IV. НА ПЕРЕКРЕСТКЕ ИСТОРИЧЕСКИХ ДОРОГ
1. СИТУАЦИЯ
Через несколько месяцев после прибытия Чернышевского в Петербург, началась Крымская война и с нею — явное крушение всего режима. Во время войны о степени гнилости режима и о классовом характере войны можно судить по степени и сфере распространения пораженческих идей. Пораженчество было широкораспространенным явлением в буржуазно-дворянских и разночинных кругах России в эпоху Крымской кампании. Помещик, дворянин, монархист, верный сын православной церкви, откупщик и славянофил, А. И. Кошелев писал: «Высадка союзников в Крым в 1854 году, последовавшие за тем сражения при Альме и Инкермане и обложение Севастополя нас не слишком огорчили, ибо мы были убеждены, что даже поражение России сноснее и даже для нее и полезнее того положения, в котором она находилась в последнее время.
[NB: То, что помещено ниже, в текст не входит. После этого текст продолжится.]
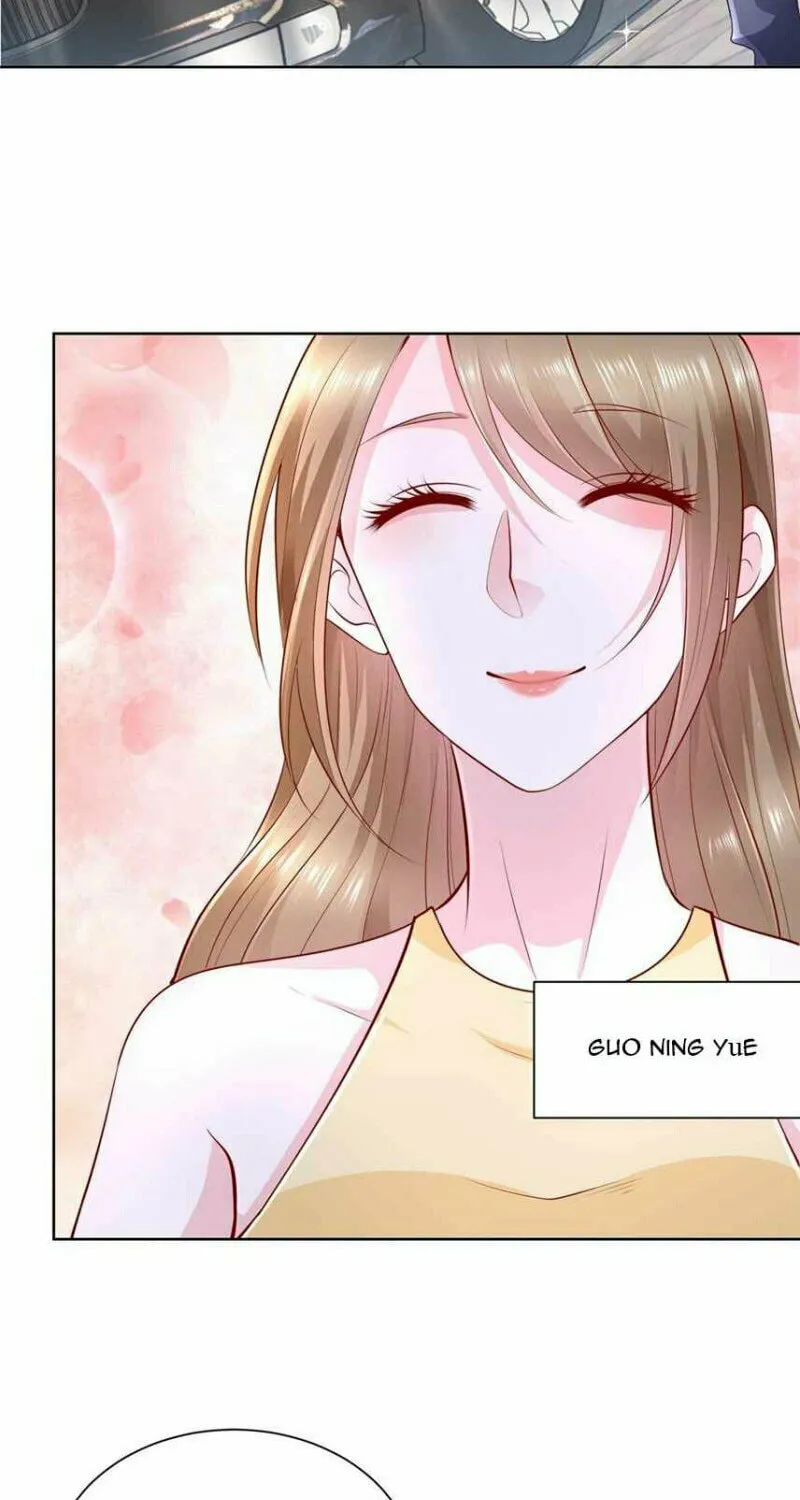 I Randomly Have A New Career Every Week Chapter 36 page 34 -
Общественное и даже народное настроение, хотя и отчасти и бессознательное, было в том же роде»{36}. Пораженцем был не только Герцен, но и С. М. Соловьев, не только Кавелин, но и несгибаемый государственник правогегельянской школы Б. Н. Чичерин. Пораженцем был, конечно, и Чернышевский. Через несколько лет он писал по поводу войны Австрии с Францией и Италией: «В Западной Европе покажется ненатуральным и невероятным, чтобы даже австрийские немцы считали несчастием для государства тот случай, когда их правительство одерживало бы победы, и надеялись добра только от поражения своей армии. Но мы совершенно понимаем это чувство».
В феврале 1855 года Николай, сломанный неудачами своих войск, «изволил отбыть в Петропавловскую крепость». «Тяжелый тиран в ботфорах был наконец «зачислен по химии».
В щели явно оседавшего и разваливавшегося здания дворянской монархии с неодолимой силой «полез» — следует сказать «попер» — крестьянский вопрос. Крестьянские волнения по поводу призывов ополчения в 1854 и 1855 годах приняли неслыханные для России XIX века размеры. Слова о «второй пугачевщине» стали все чаще встречаться в дворянских беседах и официальных и полуофициальных записках, адресованных правительству. Ощущение «грядущей катастрофы» висело в воздухе. Недаром первый дворянин империи должен был через пару лет порекомендовать — и очень настойчиво — своим товарищам начать дело освобождения крестьян сверху, чтобы оно не началось само снизу. Он был напуган. На одной из поданных ему записок об уничтожении крепостного права он написал: «Автор отгадал мое основное опасение: как бы нам не опоздать». Слова были другие, смысл именно этот. Он торопил медленно поспешавший комитет по крестьянскому делу и писал на его докладах: «Повторяю еще раз, что положение наше таково, что медлить нельзя». Налицо были все элементы революционной ситуации.
Наличие ее в конце 50-х годов ныне не вызывает уже сомнения ни в ком. Ленин еще в 1901 году писал об этом моменте, что при наличных тогда данных — «самый осторожный и трезвый политик должен был бы признать революционный взрыв вполне возможным и крестьянское восстание — опасностью весьма серьезной»{37}.
Такова была обстановка, в которой недавно явившийся в Петербург, никому неизвестный провинциальный учитель, Николай Гаврилович Чернышевский, занявшийся по приезде для заработка переводами английских романов и составлением компилятивных статеек для бесцветнейшего петербургского журнала, вырос быстро и неожиданно для всех, — но не для себя — в одну из центральных политических фигур эпохи. В этот исторический момент, один из поворотных моментов русской истории, у миллионов русского народа, судьба которого поставлена была на карту, не оказалось, кроме этого неизвестного учителя, никого, кто был бы подготовлен с такой последовательностью, силой, решительностью и мужеством, с таким умом и блеском сформулировать, предъявить и отстаивать его подлинные, насущные, кровные интересы. В этом тайна превращения скромного и застенчивого провинциала в вождя огромного исторического движения.